Cobalamin is needed for normal cell metabolism, but a deficiency in the vitamin can be difficult to diagnose. There is currently no consensus on how to define biochemical cobalamin deficiency, particularly in a subclinical form.
Cobalamin (vitamin B12) is produced by soil bacteria, and the main dietary sources are meat, fish, shellfish, eggs, milk and dairy products. A normal diet provides 5–7 µg cobalamin per day, a vegetarian diet with eggs and dairy products provides <0.5 µg, while a vegan diet provides no cobalamin. A daily intake of between 4 and 7 µg is associated with adequate cobalamin status in young adults. Cobalamin levels in breastmilk depend on the mother's status and are usually high in the first few weeks following birth, but subsequently decrease (1) .
The incidence of cobalamin deficiency varies according to the definition and is reported to be between 2.5 % and 26 % (1) . The incidence of moderate cobalamin deficiency is high in pregnant women (2) and exclusively breastfed infants (1) . Moderate cobalamin deficiency in infants is associated with developmental delays (3) , and it has been proposed that cobalamin status be included in neonatal screening (4) .
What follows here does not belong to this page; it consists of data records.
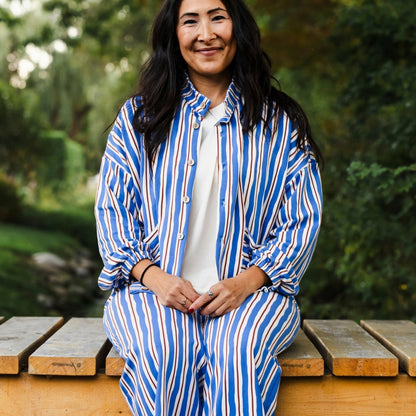 Ladies' Bamboo Terry Echo Jacket | Scandi Stripe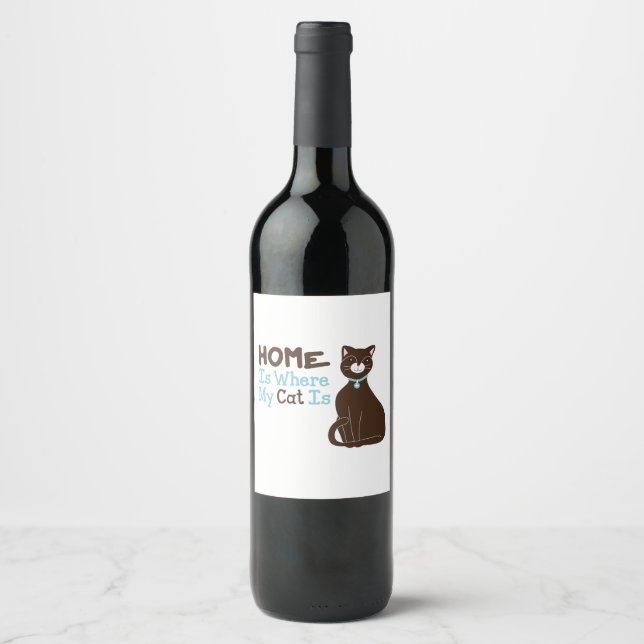 Etiqueta Para Botella De Vino Mi gato (Anverso)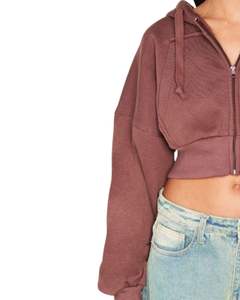 Sudadera con Capucha Corta Personalizada para Mujer, Color Marrón, con Cierre, Manga Larga, con Cordón, Estilo Casual, Ropa de Calle, Top de Moda para Damas - Product Image 4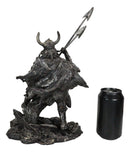 Viking Norse God Odin Alfather With Horned Helm Holding Javelin Spears Figurine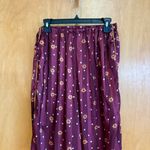 Anthropologie Free People Floral Burgundy elastic band satin pants Photo 2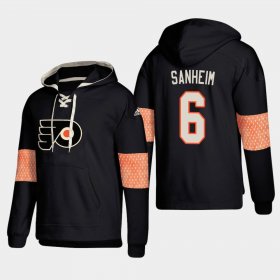 Wholesale Cheap Philadelphia Flyers #6 Travis Sanheim Black adidas Lace-Up Pullover Hoodie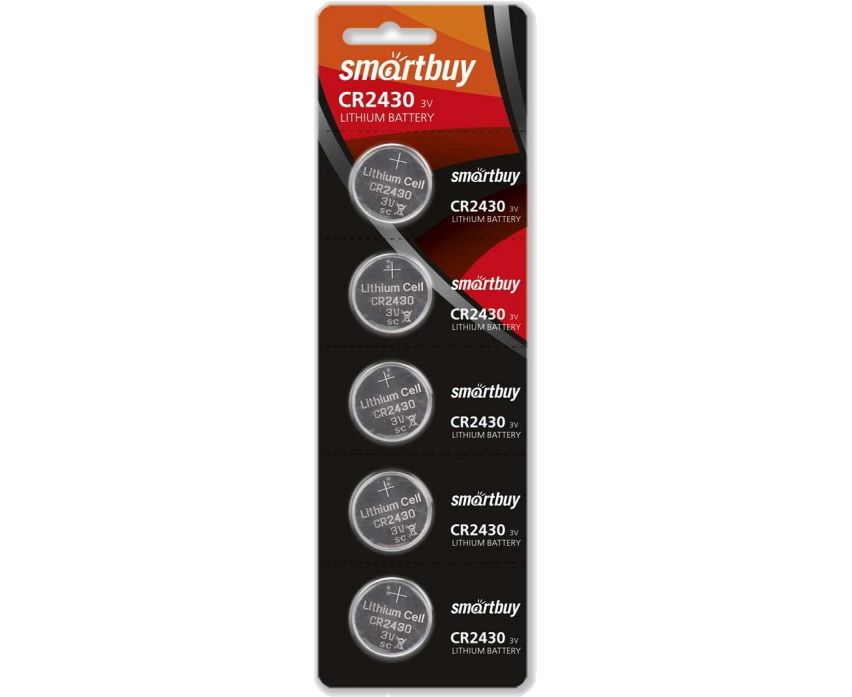 Батарейка Smartbuy CR2430, 2430, SBBL-2430, литиевая (SBBL-2430-5 B) блистер 5 шт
The majority of the vitamin is actively absorbed in the terminal ileum, but 0.5–4 % is absorbed passively. The release of cobalamin from dietary protein requires low gastric pH. Following release, cobalamin binds to the transport protein haptocorrin. The binding must be degraded by pancreatic enzymes prior to absorption. Active absorption in the terminal ileum requires binding to intrinsic factor, which is produced in the stomach. The risk of cobalamin deficiency increases with disease or use of medication that affects secretion of gastric acid or pancreatic enzymes, production and function of intrinsic factor or the terminal ileum.
Together with folate, cobalamin is required to convert homocysteine to methionine, which is the body's primary methyl group donor. Homocysteine levels rise if there is a deficiency of cobalamin or folate. Cobalamin is also a cofactor in the conversion of methylmalonyl-coenzyme A to succinyl-coenzyme A. Cobalamin deficiency leads to elevated methylmalonic acid levels.
Assessment of cobalamin status
Assessment of cobalamin status
Measurement of serum cobalamin is recommended as the primary assessment of cobalamin status, but the levels may vary according to the measurement method and also be affected by haptocorrin levels (1) .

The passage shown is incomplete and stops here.